Joana Raspall (1913 – 2013) foi uma poetisa, escritora, lexicóloga e bibliotecária catalã. Apesar de ser reconhecida principalmente pelas suas poesias infantis, também escreveu para adultos. Dentro da sua obra, encontramos peças de teatro, contos e romances.
O banho
A boneca de pano
de que mais eu gostava
perdeu toda a cor
porque eu a lavei.
Quando a mãe me lava,
eu também tenho medo
de perder minha cor
com a água e o sabão.
Todo dia eu me olho…
mas vejo que não.
Amigo, quer vir?
Fugir do barulho
e buscar a calma
pra compartilhar
as nossas palavras.
Bem poucas falar,
mas bem escutadas,
o coração em paz
e a luz na mirada.
Amigo, quer vir?
A tarde é tão clara!
Oferta
Encontrei muitas palavras
que têm o som da poesia;
pra juntá-las num concerto,
meu peito não bastaria.
Podemos compartilhá-las
enquanto segue a leitura.
Vem fazer esse concerto,
lendo elas com ternura.
Estou com ciúme
dessa imagem minha
que você traz consigo.
Entre você e ela,
a dúvida não incomoda,
e nem mesmo a distância.
Somos, eu e ela, exatamente a mesma coisa?
Joan Alcover i Maspons (1854-1926) foi um poeta, ensaísta e político maiorquino. Sua obra poética foi voltada, principalmente, para a reflexão sobre a dor e a tragédia humana.
A sua obra principal foi A Balanguera, que talvez seja a poesia mais popular em terras catalãs. Numa alusão aa figura mitológica das Parcas, fala da Balanguera (Fiandeira, em português), que produz o fio da vida, tecendo o futuro de todos nós.
Dentre as várias versões musicais feitas, sugerimos a interpretada por Maria del Mar Bonet, com música de Amadeu Vives. Clique aqui para escutá-la.
A Fiandeira
Uma fiandeira misteriosa,
como uma aranha de artes mil,
vai recolhendo da sua roca,
da nossa vida puxa o fio.
Como uma parca tece a tela,
de um amanhã que vai chegar.
A Fiandeira fia, fia,
a Fiandeira vai fiar.
Voltando os olhos para trás,
observa a sombra dos ausentes.
Da primavera que vai vir,
descobre onde guarda a semente.
Sabe que o tronco mais se eleva,
quanto mais fundo se enraizar.
A Fiandeira fia, fia,
a Fiandeira vai fiar.
Assim que o casal se enamora,
já vai desenhando as crianças.
Vê como descem ao jazigo,
as mais alegres esperanças
daqueles que no meio da praça
ficam a cantar e a dançar.
A Fiandeira fia, fia,
a Fiandeira vai fiar.
Na volta do fuso, o fio enlaça,
e ao recordar-se da nação,
detrás da sarja do capote,
sente pulsar seu coração.
Dentro da quieta noite escura,
desfia a aurora de par em par.
A Fiandeira fia, fia,
a Fiandeira vai fiar.
De tradições e de esperanças,
tece a bandeira catalã,
como quem faz o véu da noiva,
semente feliz do amanhã.
Da meninice que se eleva
e da velhice a terminar,
a Fiandeira fia, fia,
a Fiandeira vai fiar.
Miquel Martí i Pol (1929 – 2003) foi um poeta, escritor e tradutor catalão. Os seus poemas falam da vida interior e da luta contra um sistema que considera injusto.

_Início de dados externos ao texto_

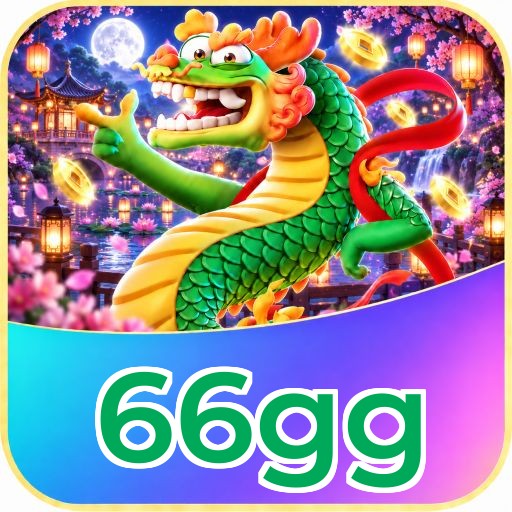 FAQ sobre RTP, volatilidade e modo demo nos slots 66gg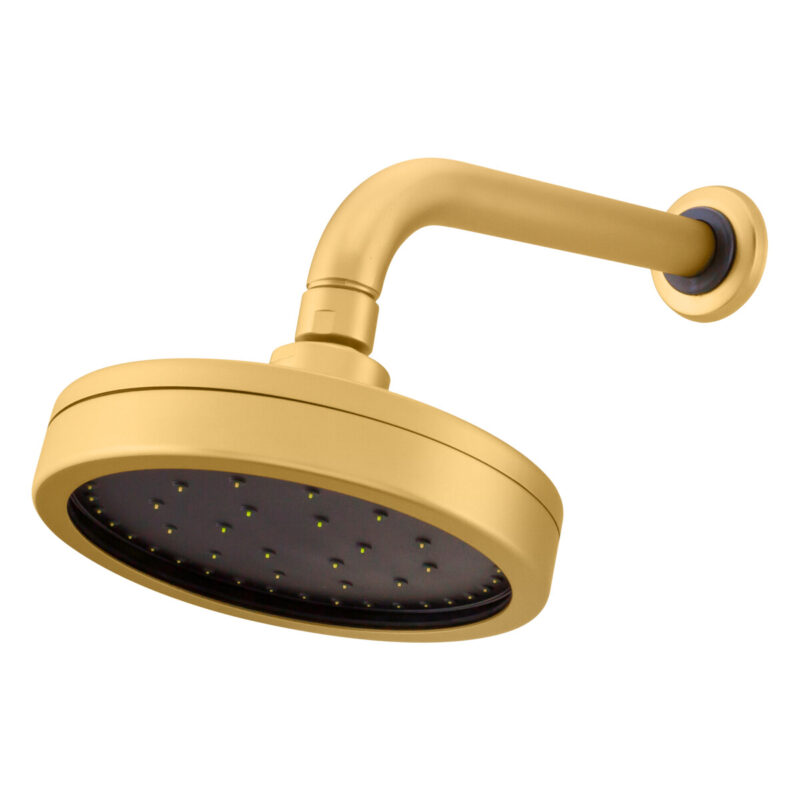 D'oro Vecchio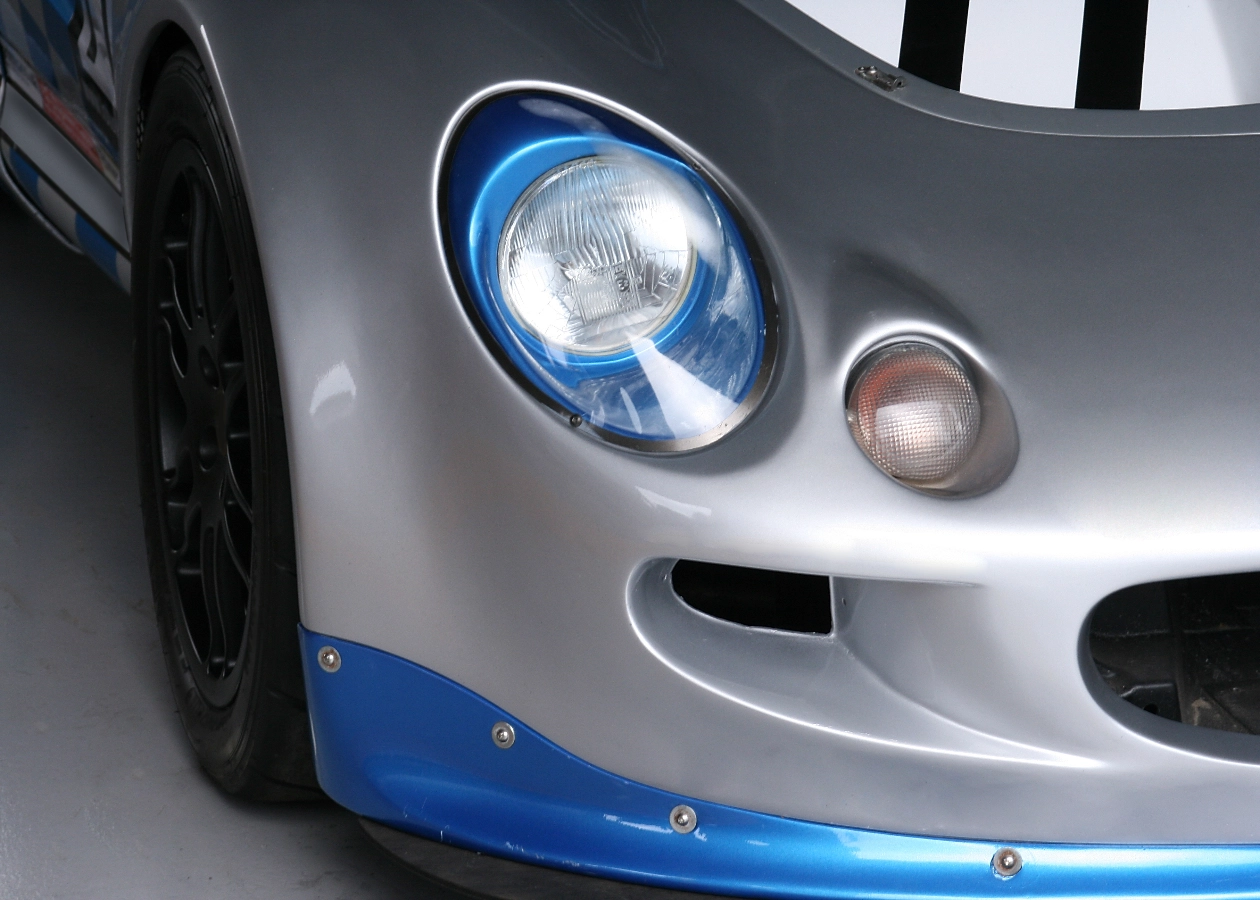 London Automotive Paint & Body Image for Race Livery - New Website, Company Website, Free website template, No Coding Website, Free Website, Auto Body Repair, Best Website Builder, Simple Website,  Automotive Painting, Easy Website,  Collision Repair, Website Builder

Publicou mais de 1500 poemas, dos quais podemos destacar: “El meu país”, “Estimada Marta”, “30 poemes en 3 temps” e “Un hivern plàcid.”
Leonor
A Leonor tinha
catorze anos e três horas
quando começou a trabalhar.
Essas coisas ficam
dentro do sangue pra sempre.
Ainda trazia tranças,
e dizia: “Sim, senhor” e “Boa tarde”.
Era querida por todos,
a Leonor, tão meiguinha,
que cantava enquanto
remexia a vassoura.
Mas os anos lá na fábrica
se dissolvem no opaco
cinzento das janelas,
e logo a Leonor não soube
de onde é que vinha
a vontade de chorar,
nem aquela irresistível
sensação de solidão.
As mulheres diziam que
ela tinha crescido, e que os males
iam sarar casando e tendo filhos.
A Leonor, conforme a sábia
previsão dessas mulheres,
cresceu, casou e teve filhos.
A primeira, uma menina,
há exatamente três horas,
tinha feito os 14 anos,
e começou a trabalhar.
Trazia tranças ainda,
e dizia: “Sim, senhor” e “Boa tarde”.